Entre la larga lista de comprimarios destacaron dos que nunca fallan: el Remendado sonoro de Mikeldi Atxandalabaso y la Frasquita fresca y entonada de Natalia Labourdette. Simplemente correctos el resto.

Decía la gran Christa Ludwig (que también llegó a encarnar a una interesante Carmen en Viena) que para ser músico no se requiere un gran intelecto: bastaría con tener intuición, haber vivido e incorporar esas experiencias al oficio.

A la directora coreana Eu Sun Kim quizá le falte darse un garbeo por Sevilla, viajar un poco por España, para ofrecer una lectura de Carmen con algo más de vida en su interior. Sí, Bizet era francés, y en su delicada partitura se percibe ya el misterioso encanto del impresionismo, mucho más que Wagner, pero qué duda cabe que procuró también captar ciertas atmósferas, ambientes que precisan cobrar vida en los pasajes más coloristas.

Comenzó con un preludio algo deslavazado pero vigorizante, a falta de un sonido más redondo y compacto.
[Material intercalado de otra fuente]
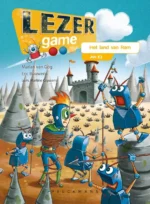 Het land van Ram | 9789462345126 Het land van Ram | 9789462345126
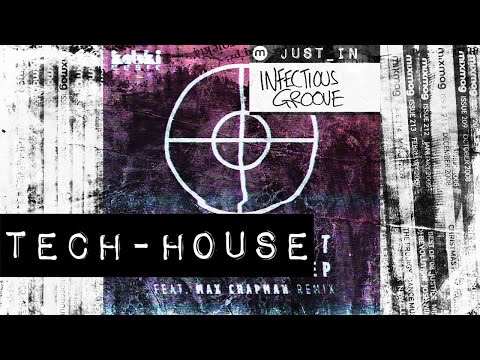 TECH-HOUSE: Ovidi Adlert - 1996 Visions [Kaluki Musik ]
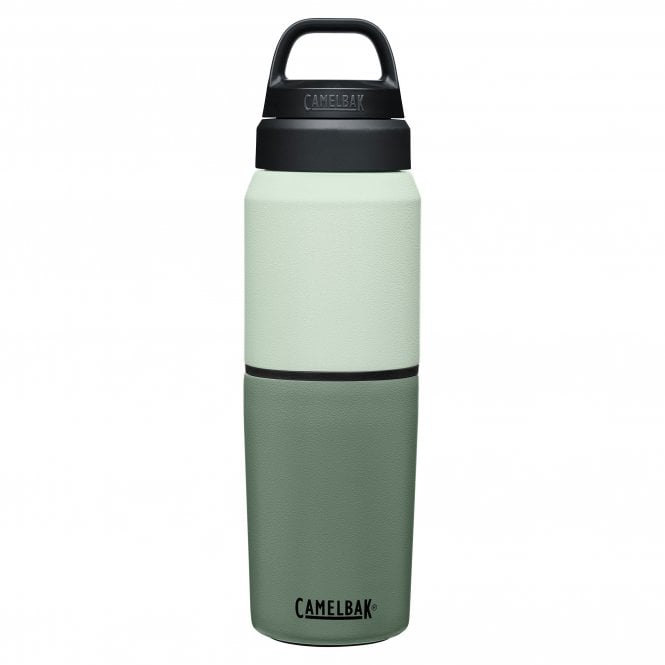 Camelbak - Multibev Thermoflasche 500ml mit 350ml Becher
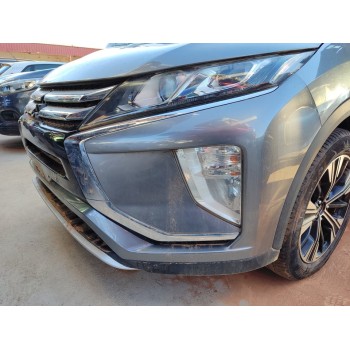 Recambio de paragolpes delantero para mitsubishi eclipse cross spirit 2wd referencia OEM IAM 6400J506  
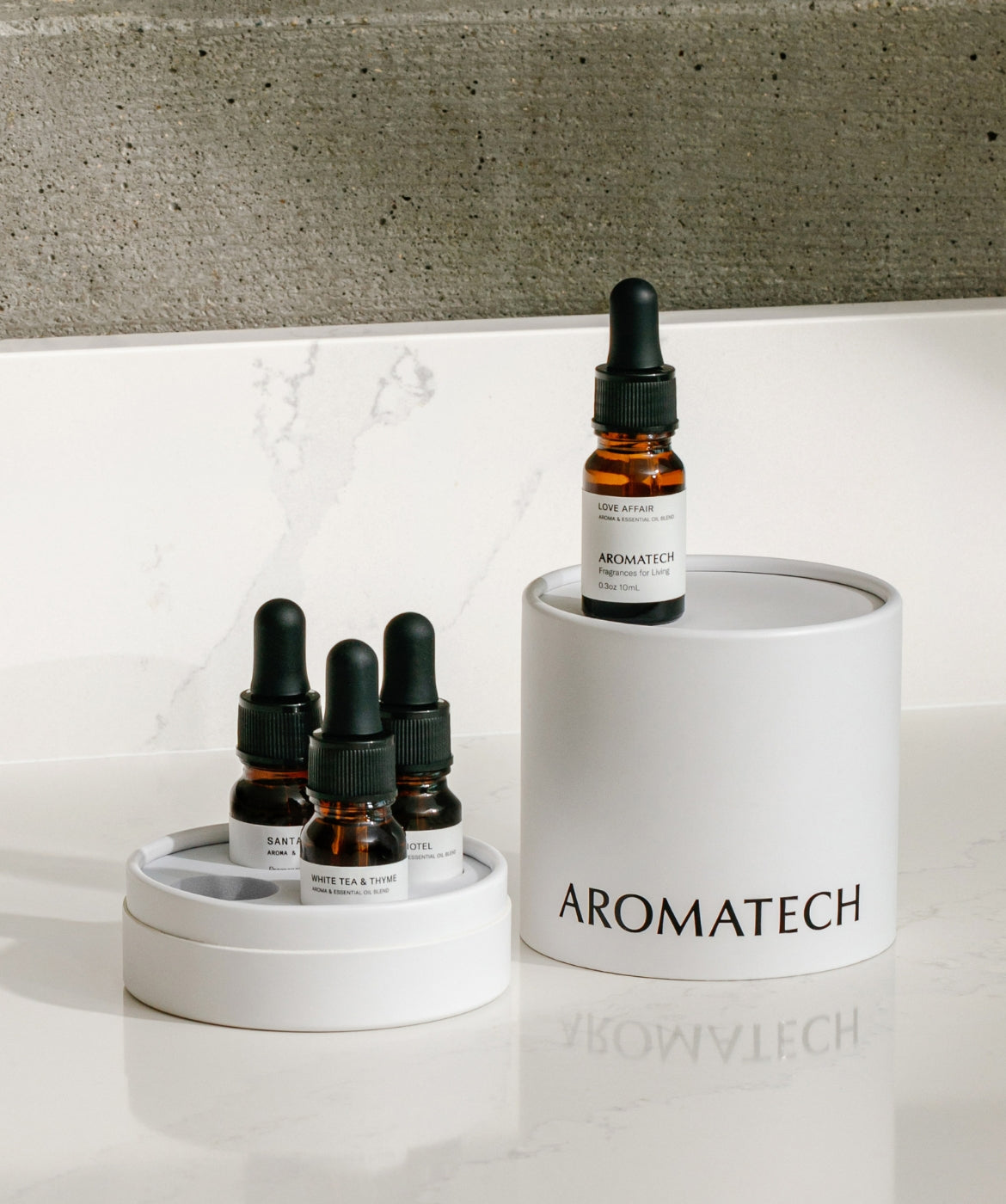The Bestsellers Set - AromaTech Inc.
Pero luego esas expectativas se diluyeron: a su fría, mecánica y rutinaria lectura le faltó teatralidad, dramatismo y también humor, que lo hay.

Una Carmen más

Además fue caprichosa en la elección de los tiempos, a ratos demasiado apresurada (el equilibrio entre foso y escena no siempre se logró, con varios descuadres relevantes, sobre todo del coro en el último acto), en otros caídos de tensión.

De momento, no logra aportar nada frente a otros lecturas mucho más maduras e interiorizadas, que combinan la ensoñación con la energía de un Kleiber, por ejemplo.
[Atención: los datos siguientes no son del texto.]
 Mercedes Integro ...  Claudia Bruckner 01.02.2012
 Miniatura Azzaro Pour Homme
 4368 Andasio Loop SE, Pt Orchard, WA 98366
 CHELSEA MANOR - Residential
Tampoco se mostró particularmente feliz la Sinfónica de Madrid (con un sonido demasiado plano, superficial), ni el coro logró la sobresaliente prestación de otras veces (muy bien preparado el de niños), en su caso, perjudicado por la desconcertante, imprecisa labor de la batuta.

En definitiva, una Carmen más, que poco aporta salvo que las feministas más recalcitrantes se solivianten, siempre que sean capaces de darse cuenta de lo que en realidad propone esta lectura incómoda para ellas: una carga de profundidad destinada a la misma línea de flotación de su maniqueo discurso simplificador.